In a solid material, like a metal, atoms are arranged in a crystalline structure. Each atom has a nucleus composed of positively charged protons and neutrally charged neutrons, and it is surrounded by a cloud of negatively charged electrons. In a stable state, electrons are distributed in energy levels or "shells" around the nucleus.
In some materials, such as metals, the outermost electrons of the atoms are only weakly attracted to their respective nuclei due to the specific arrangement of atoms in the crystal lattice. These outer electrons can be easily excited to higher energy levels, and in some cases, they can even detach from their parent atoms, becoming free to move within the material. This detachment can occur due to thermal energy or the application of an external electric field.
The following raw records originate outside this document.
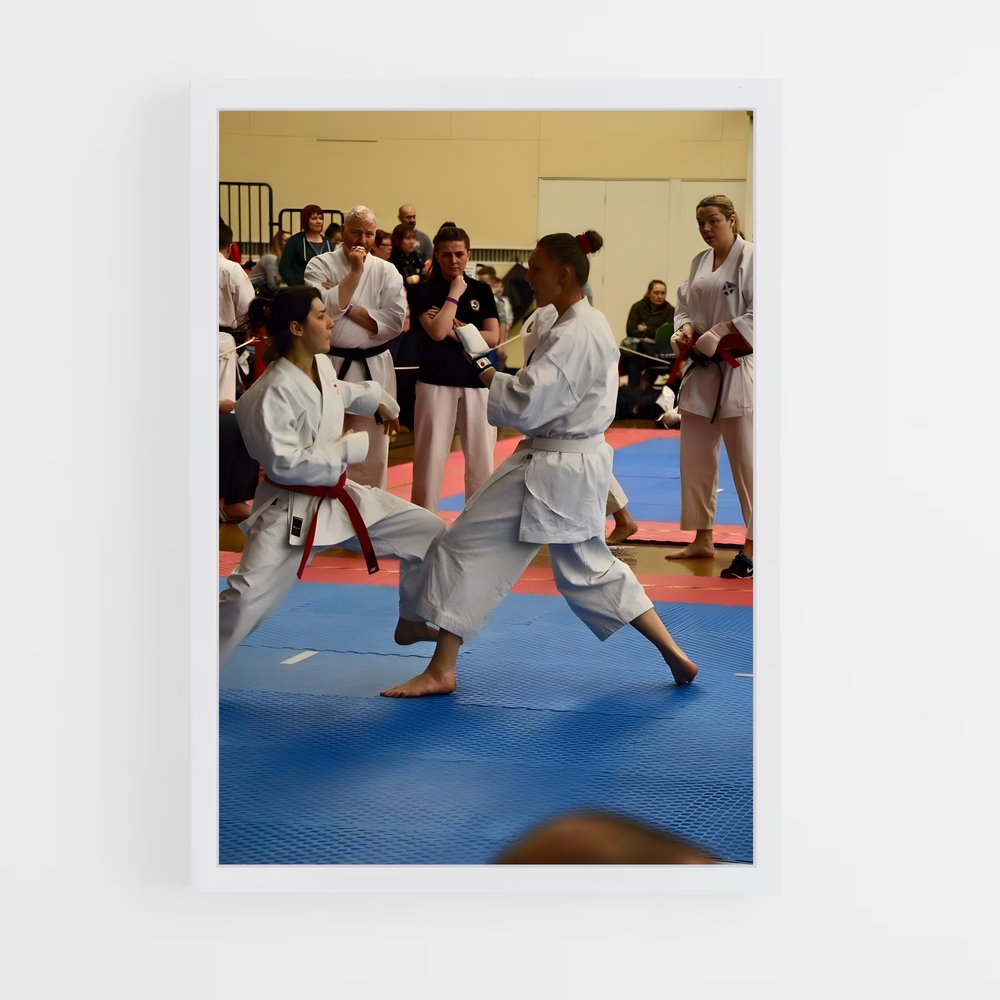 ap-pan american karate championships-2 cadre Blanc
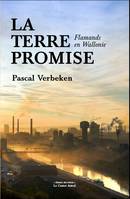 La Terre promise - Flamands en Wallonie, Flamands en Wallonie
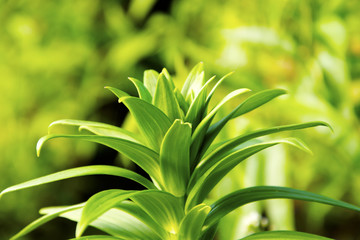 Kwiatek © KrólestwoNauki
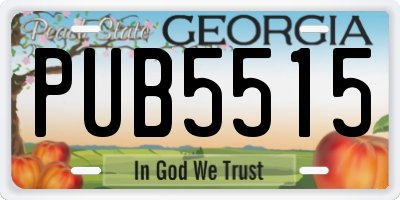 GA license plate PUB5515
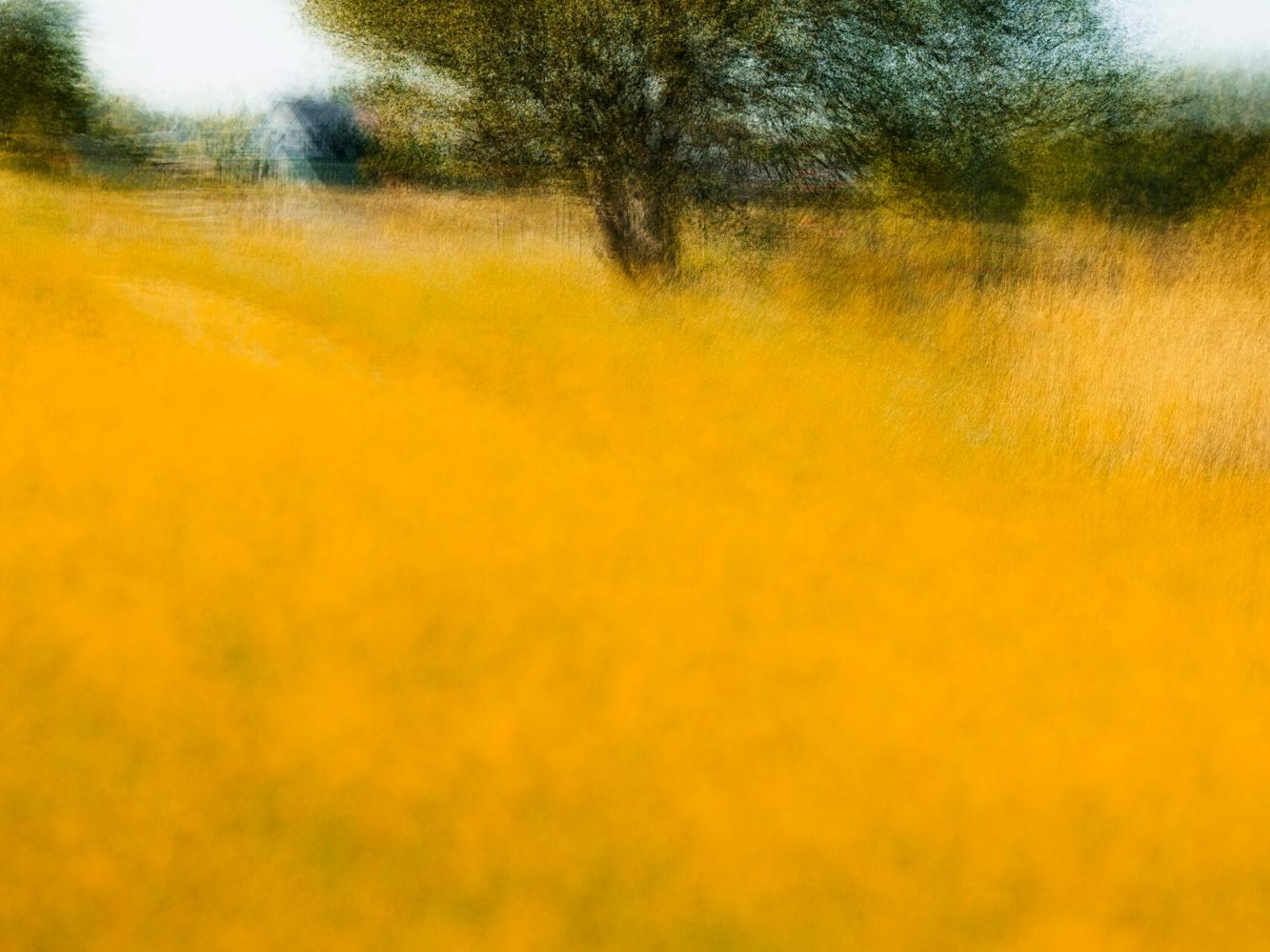 A photograph titled 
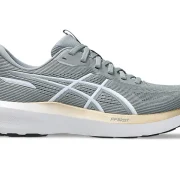 Asic’s Gel GT1000 14 (D) 1012B858-020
These free electrons contribute to the material's electrical conductivity. When an electric potential difference (voltage) is applied across the conductor, the free electrons experience a force and begin to move in response to the electric field. This movement of electrons constitutes an electric current.
It's important to note that while there are free electrons in a conductor, not all electrons are free to move. The majority of electrons remain bound within atoms and do not participate in the conduction process. The distinction between bound and free electrons is crucial in understanding the behavior of conductors in electrical circuits and various applications.